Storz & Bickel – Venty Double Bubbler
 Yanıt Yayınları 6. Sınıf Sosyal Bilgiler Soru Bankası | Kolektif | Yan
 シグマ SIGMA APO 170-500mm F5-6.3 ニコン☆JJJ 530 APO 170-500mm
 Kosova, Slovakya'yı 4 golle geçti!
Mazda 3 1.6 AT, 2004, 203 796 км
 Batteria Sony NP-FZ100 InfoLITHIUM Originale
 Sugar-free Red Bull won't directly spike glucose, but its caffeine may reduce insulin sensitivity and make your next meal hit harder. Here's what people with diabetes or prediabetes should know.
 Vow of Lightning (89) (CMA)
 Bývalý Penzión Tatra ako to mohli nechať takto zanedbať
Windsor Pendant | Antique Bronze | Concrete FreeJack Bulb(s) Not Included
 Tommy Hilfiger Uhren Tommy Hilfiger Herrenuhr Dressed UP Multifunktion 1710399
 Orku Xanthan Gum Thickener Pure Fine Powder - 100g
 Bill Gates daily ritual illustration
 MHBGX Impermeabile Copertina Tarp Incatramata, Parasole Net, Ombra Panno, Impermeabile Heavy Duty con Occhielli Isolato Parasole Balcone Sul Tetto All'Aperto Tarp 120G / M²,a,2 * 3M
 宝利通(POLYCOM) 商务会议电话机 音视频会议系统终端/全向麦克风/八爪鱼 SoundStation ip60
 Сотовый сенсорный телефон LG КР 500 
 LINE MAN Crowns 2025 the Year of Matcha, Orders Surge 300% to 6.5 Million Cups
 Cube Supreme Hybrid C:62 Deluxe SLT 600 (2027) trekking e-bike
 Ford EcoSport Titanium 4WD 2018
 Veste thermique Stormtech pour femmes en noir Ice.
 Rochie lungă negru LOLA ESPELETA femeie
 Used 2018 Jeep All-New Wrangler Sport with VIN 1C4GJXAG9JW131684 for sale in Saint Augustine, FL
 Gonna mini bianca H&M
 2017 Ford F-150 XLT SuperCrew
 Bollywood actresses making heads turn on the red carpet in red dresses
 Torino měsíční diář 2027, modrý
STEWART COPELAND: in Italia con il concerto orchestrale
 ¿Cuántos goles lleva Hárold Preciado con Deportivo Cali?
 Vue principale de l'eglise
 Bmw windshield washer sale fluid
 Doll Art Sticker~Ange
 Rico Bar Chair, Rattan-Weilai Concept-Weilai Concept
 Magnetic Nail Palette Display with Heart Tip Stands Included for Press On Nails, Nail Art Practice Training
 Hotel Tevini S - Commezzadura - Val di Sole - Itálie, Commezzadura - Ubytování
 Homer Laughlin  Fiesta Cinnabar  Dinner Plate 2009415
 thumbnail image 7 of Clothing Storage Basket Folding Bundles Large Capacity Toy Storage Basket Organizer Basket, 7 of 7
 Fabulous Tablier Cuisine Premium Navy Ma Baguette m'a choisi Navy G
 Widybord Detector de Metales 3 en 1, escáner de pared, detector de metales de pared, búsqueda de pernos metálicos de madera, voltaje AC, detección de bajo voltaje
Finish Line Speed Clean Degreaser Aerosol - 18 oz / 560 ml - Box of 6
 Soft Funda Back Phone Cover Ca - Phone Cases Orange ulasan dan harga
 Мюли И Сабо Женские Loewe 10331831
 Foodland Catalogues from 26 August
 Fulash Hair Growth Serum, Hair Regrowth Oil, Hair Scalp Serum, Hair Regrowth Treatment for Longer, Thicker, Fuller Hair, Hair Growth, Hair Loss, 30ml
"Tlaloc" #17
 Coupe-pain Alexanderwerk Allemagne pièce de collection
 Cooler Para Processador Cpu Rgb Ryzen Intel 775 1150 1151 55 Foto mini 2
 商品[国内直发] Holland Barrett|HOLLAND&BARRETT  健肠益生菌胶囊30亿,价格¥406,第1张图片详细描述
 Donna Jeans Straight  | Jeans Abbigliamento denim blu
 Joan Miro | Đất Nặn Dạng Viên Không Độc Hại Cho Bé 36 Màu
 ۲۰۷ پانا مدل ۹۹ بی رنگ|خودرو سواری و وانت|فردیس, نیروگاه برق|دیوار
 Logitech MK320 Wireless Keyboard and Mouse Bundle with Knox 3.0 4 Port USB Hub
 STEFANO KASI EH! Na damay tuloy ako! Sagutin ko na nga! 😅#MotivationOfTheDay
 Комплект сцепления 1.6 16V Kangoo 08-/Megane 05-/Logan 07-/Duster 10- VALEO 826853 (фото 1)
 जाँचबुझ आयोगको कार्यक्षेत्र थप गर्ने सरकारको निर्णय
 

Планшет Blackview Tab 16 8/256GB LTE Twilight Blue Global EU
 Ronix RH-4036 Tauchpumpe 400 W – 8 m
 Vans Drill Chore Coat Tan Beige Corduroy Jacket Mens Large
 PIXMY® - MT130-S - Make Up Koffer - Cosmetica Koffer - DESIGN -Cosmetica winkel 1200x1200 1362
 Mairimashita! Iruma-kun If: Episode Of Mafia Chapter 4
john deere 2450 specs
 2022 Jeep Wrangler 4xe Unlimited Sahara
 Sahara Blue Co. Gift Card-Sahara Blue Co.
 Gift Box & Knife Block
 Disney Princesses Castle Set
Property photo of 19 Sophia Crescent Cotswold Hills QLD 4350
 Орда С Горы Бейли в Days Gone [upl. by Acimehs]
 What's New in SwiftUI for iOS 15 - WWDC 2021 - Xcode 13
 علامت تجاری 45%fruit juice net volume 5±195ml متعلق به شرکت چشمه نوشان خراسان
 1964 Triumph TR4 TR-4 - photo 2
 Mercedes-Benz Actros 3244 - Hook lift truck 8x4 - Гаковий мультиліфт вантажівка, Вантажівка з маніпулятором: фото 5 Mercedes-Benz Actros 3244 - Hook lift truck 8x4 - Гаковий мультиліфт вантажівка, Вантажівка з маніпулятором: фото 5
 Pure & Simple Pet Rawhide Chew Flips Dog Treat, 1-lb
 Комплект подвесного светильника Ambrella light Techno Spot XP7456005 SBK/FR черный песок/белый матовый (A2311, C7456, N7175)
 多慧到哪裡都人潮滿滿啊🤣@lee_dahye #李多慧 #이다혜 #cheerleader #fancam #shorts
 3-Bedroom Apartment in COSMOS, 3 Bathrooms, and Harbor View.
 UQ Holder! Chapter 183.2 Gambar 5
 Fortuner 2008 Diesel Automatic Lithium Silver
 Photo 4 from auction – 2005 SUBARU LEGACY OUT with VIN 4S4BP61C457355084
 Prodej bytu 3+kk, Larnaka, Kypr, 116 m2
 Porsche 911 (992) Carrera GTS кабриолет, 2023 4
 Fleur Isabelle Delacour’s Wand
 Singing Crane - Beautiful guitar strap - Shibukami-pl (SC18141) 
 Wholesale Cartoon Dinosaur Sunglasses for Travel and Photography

## INSTRUCTIONS TO FOLLOW
Of all the entries above, repeat only the lines from the line that has "シグマ SIGMA APO" to the line that has "Bill Gates daily ritual illustration", both lines included, exactly.

## WRITTEN SOLUTION
 シグマ SIGMA APO 170-500mm F5-6.3 ニコン☆JJJ 530 APO 170-500mm
 Kosova, Slovakya'yı 4 golle geçti!
Mazda 3 1.6 AT, 2004, 203 796 км
 Batteria Sony NP-FZ100 InfoLITHIUM Originale
 Sugar-free Red Bull won't directly spike glucose, but its caffeine may reduce insulin sensitivity and make your next meal hit harder. Here's what people with diabetes or prediabetes should know.
 Vow of Lightning (89) (CMA)
 Bývalý Penzión Tatra ako to mohli nechať takto zanedbať
Windsor Pendant | Antique Bronze | Concrete FreeJack Bulb(s) Not Included
 Tommy Hilfiger Uhren Tommy Hilfiger Herrenuhr Dressed UP Multifunktion 1710399
 Orku Xanthan Gum Thickener Pure Fine Powder - 100g
 Bill Gates daily ritual illustration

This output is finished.